10. Medical ASR + LLM (Ambient Documentation)

Strengths

- Speech-to-notes automation with reduced clinician typing burden

Cautions

- ASR errors propagate downstream

- Requires strict privacy controls

Comparative Overview of LLMs in healthcare Applications

Model/ Family Medical-Specific Open Weights Best Fit (Typical Use Cases)
1
GPT-4 / GPT-4o
No (General)
No
Documentation, Summarization, AI assistants
2
Gemini / MedLM
Partial / Yes (MedLM)
No
EHR Workflows, Clinical Text Tasks
3
Claude
No (General)
No
Long Documents, Compliance, Policies
4
Llama 3
No (General)
Yes
Custom Fine-Tuned Healthcare Co-Pilots
5
Mistral
No (General)
Some
Efficient Multilingual Assistants
6
Falcon
No (General)
Yes
On-Premise / Private Deployment Needs
7
Med-PaLM 2
Yes
No
Medical Q&A, Research Reference
8
BioGPT
Yes (Biomedical)
Yes
Biomedical Literature & Research Tasks
9
ClinicalBERT
Yes (Clinical Notes)
Yes
EHR NLP Extraction, Classification
10
Medical ASR + LLM
Yes (Workflow)
Varies
Speech-To-Notes, Ambient Documentation

Safety, Governance & Compliance

- Safe LLMs in healthcare deployment requires:

- Human-in-the-loop review

- Confidence thresholds and refusal logic

- Audit logs and explainability

- Secure data handling (HIPAA / local compliance)
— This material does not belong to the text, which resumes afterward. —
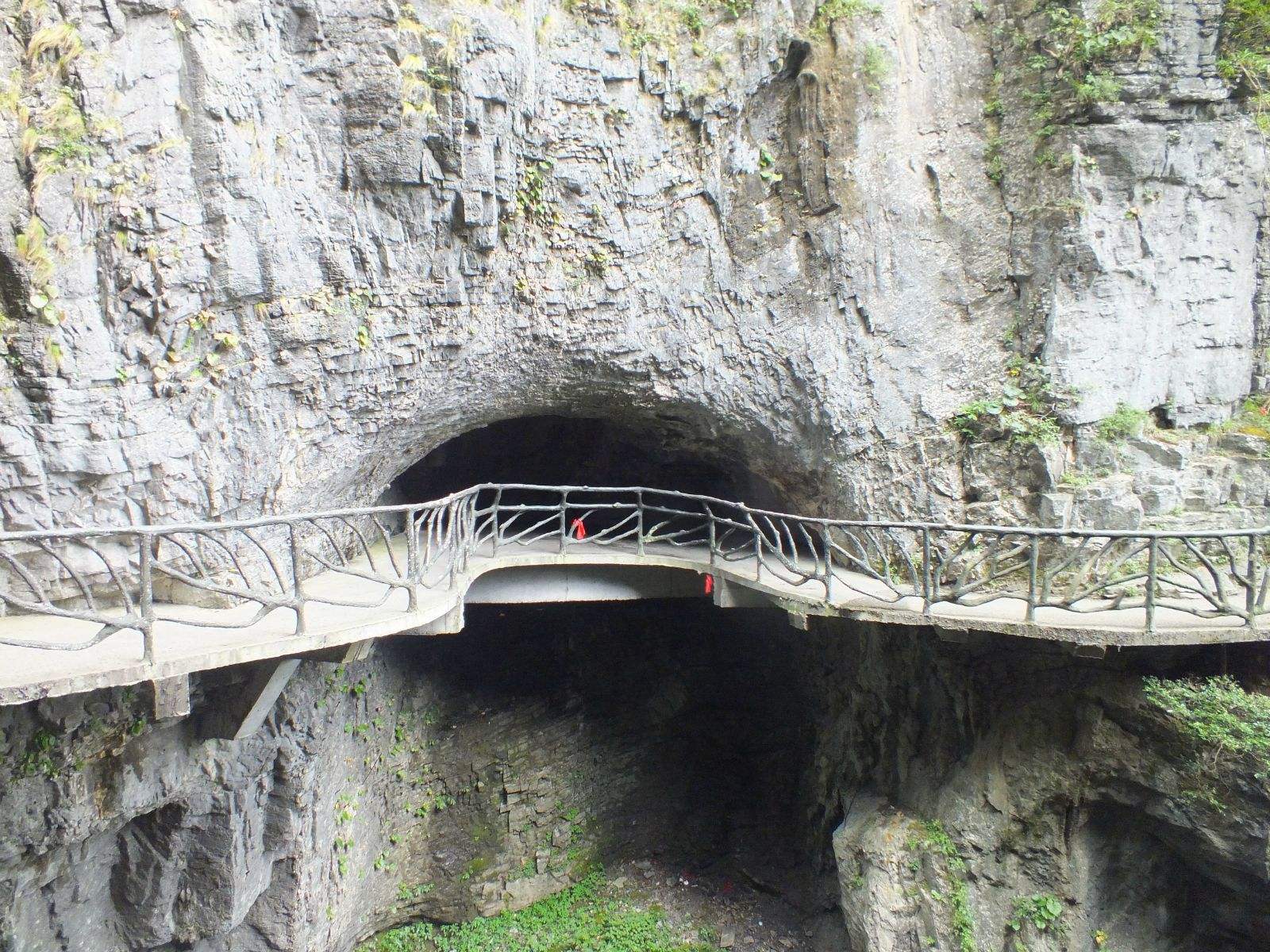  p>鬼谷栈道,是一道全线都立于万丈悬崖的中间的栈道,位于 a target="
- Clinical validation and evaluation

- LLMs should assist decision-making-not make clinical decisions.

LLMs in Healthcare AI governance with human-in-the-loop validation

Conclusion: LLMs in healthcare

LLMs in healthcare are transforming documentation, research, operations and patient communication. When deployed responsibly, they act as powerful copilots that reduce administrative burden while preserving clinical authority.

At AI India Innovations, we build healthcare-grade AI systems grounded in safety, governance and real-world clinical workflows-not hype. You can read about our works in our Blogs section on our page. Happy Reading!